I think I blanked out because when I came to myself again, she was gone. The front door was closed. I swear I do not even remember her getting out of the car. It was like she was teleported out of my car to who knows where. I think I was hysterically blind. The drive home was similar. I got home, somehow, coming aware sitting in the garage in the darkness, ebullient but unable to move. I stalked into the house with full intent to be off to bed. Since I had turned my back on my sisters and their little "we will fuck you now" schedule, it was nearly as cold in my house as it was outside of it. I had no illusions about hearth and home welcoming me with warmth and sympathy for my plight.

They were clustered like a little coven in the living room and save for Tawny, glared at me as I sauntered through the room. At the foot of the stairs, I turned and went back to the back the couch. Georgia looked up at me and paused the movie they were watching. "Yes, Sonny, what is it? Mom says we must be kind to you."

"I am in love." I blurted it out like I was projectile vomiting. "I, I know this makes no sense but I am in love. I, I met her just before Thanksgiving." I stopped. I had no idea why I was saying this, nor why now or why in this way to them. Suddenly I wanted them to feel why I was, uh, refusing the implied offer that their schedule held. I did not register their reaction but only when I was showered and tucked safely in the bed in my safely locked room did I come aware. But it was not an awareness I expected. I became aware that my dear sisters could not be allowed to rule me or mine. It was a MILF awareness. My cock sprang to life after a less than satisfying shower, and I consciously considered fucking my sisters.

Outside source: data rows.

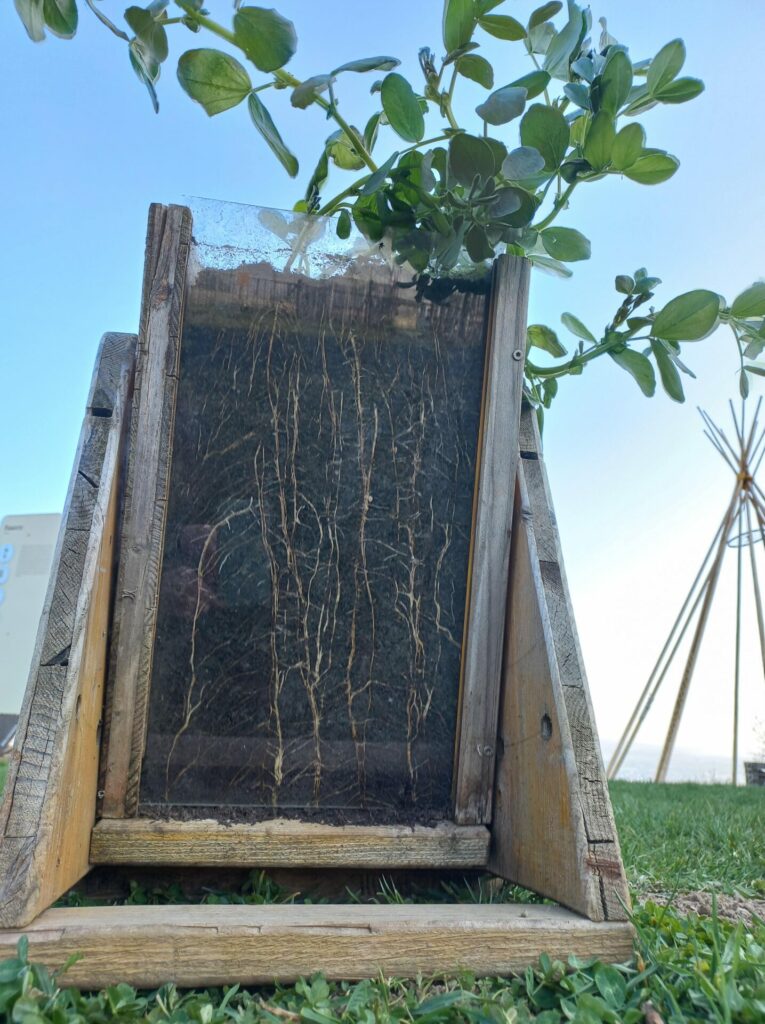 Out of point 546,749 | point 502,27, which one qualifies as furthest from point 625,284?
point 546,749

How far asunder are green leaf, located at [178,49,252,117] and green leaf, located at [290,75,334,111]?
0.08 m

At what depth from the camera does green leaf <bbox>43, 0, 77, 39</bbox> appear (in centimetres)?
107

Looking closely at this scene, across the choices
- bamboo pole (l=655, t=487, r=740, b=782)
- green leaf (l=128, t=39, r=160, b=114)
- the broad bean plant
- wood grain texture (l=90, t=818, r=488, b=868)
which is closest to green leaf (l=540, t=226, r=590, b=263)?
the broad bean plant

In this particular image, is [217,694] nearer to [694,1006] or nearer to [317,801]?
[317,801]

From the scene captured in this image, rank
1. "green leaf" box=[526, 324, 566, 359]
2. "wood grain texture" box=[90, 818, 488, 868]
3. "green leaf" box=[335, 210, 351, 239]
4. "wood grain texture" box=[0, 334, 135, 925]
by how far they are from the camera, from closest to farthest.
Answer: "wood grain texture" box=[0, 334, 135, 925] < "wood grain texture" box=[90, 818, 488, 868] < "green leaf" box=[335, 210, 351, 239] < "green leaf" box=[526, 324, 566, 359]

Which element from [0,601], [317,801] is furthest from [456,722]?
[0,601]

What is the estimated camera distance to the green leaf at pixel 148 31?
3.51 ft

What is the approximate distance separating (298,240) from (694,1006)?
96 cm

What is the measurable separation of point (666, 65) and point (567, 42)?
Result: 0.45 ft

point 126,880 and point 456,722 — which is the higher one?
point 456,722

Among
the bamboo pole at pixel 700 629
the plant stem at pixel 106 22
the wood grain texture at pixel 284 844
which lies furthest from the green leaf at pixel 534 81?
the bamboo pole at pixel 700 629

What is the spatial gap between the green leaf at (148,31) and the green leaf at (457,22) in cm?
37

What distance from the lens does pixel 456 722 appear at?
107 cm

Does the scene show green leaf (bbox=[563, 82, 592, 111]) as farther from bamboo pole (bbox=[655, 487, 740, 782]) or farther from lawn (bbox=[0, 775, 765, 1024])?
bamboo pole (bbox=[655, 487, 740, 782]) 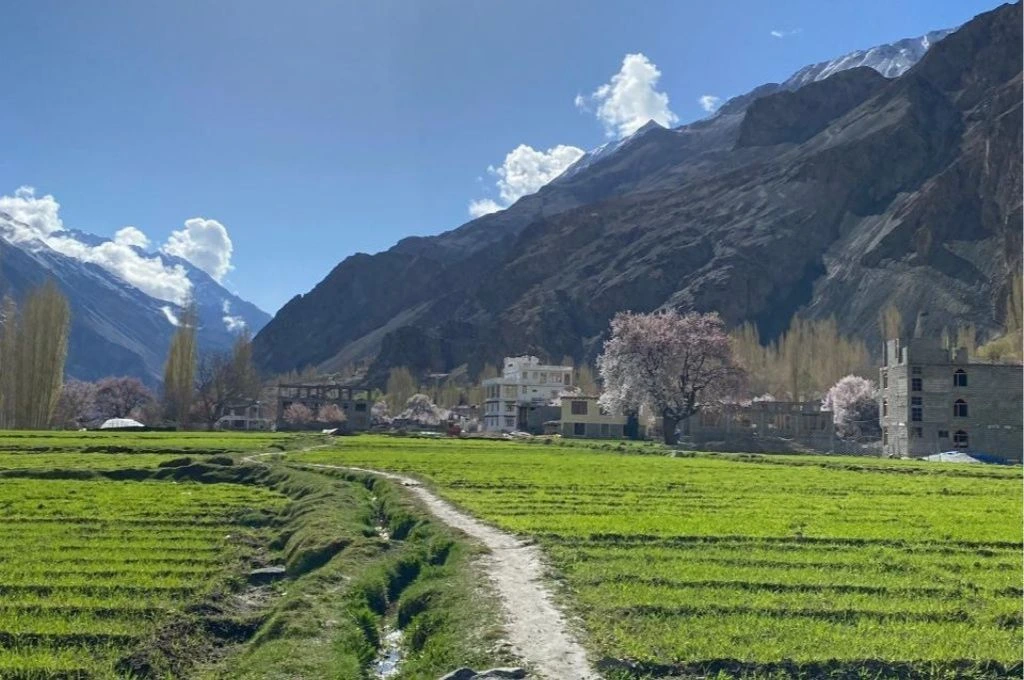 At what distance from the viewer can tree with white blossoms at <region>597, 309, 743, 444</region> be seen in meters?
99.9

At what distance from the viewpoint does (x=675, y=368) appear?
101m

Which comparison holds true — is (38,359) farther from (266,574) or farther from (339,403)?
(266,574)

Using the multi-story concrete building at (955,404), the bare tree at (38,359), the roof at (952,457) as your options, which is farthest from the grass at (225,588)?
the bare tree at (38,359)

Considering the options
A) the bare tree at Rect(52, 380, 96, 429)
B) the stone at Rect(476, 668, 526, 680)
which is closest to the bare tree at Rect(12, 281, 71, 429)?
the bare tree at Rect(52, 380, 96, 429)

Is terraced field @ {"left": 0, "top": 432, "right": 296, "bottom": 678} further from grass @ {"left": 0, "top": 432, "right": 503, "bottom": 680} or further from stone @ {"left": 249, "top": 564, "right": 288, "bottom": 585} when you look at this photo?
stone @ {"left": 249, "top": 564, "right": 288, "bottom": 585}

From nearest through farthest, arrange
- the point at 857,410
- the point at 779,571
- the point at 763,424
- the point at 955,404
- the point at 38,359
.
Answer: the point at 779,571
the point at 955,404
the point at 763,424
the point at 38,359
the point at 857,410

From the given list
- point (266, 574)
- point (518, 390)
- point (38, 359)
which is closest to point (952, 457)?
point (266, 574)

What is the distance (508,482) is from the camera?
41281 millimetres

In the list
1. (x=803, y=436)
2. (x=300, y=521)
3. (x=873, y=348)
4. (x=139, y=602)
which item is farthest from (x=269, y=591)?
(x=873, y=348)

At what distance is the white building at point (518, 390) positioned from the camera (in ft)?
542

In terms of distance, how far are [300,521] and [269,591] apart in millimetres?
8437

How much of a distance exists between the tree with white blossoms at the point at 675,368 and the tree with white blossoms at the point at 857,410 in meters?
34.9

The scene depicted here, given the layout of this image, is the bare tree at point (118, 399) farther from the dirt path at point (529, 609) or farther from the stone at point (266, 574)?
the dirt path at point (529, 609)

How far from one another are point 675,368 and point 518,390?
71.3 meters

It was like I was Snow White waking up. After all this time, I felt suddenly stupid for refusing their offer but at the same time, recognized the indentured service it implied if I left the matter up to them. I hadn't and that was good, lucky perhaps because till that moment I had not consciously recognized the situation, denying them only because I was in such hot pursuit of the tits I had touched just that night. My sisters surely had taken my inattention personally, hence the various cold shoulders. I understood that I could not be subject to them. I had to...then I saw clearly. The MILFs had represented the same danger. My sisters, I had to own them like I owned the MILFs! I went to sleep and slept sound and long for the first time in weeks.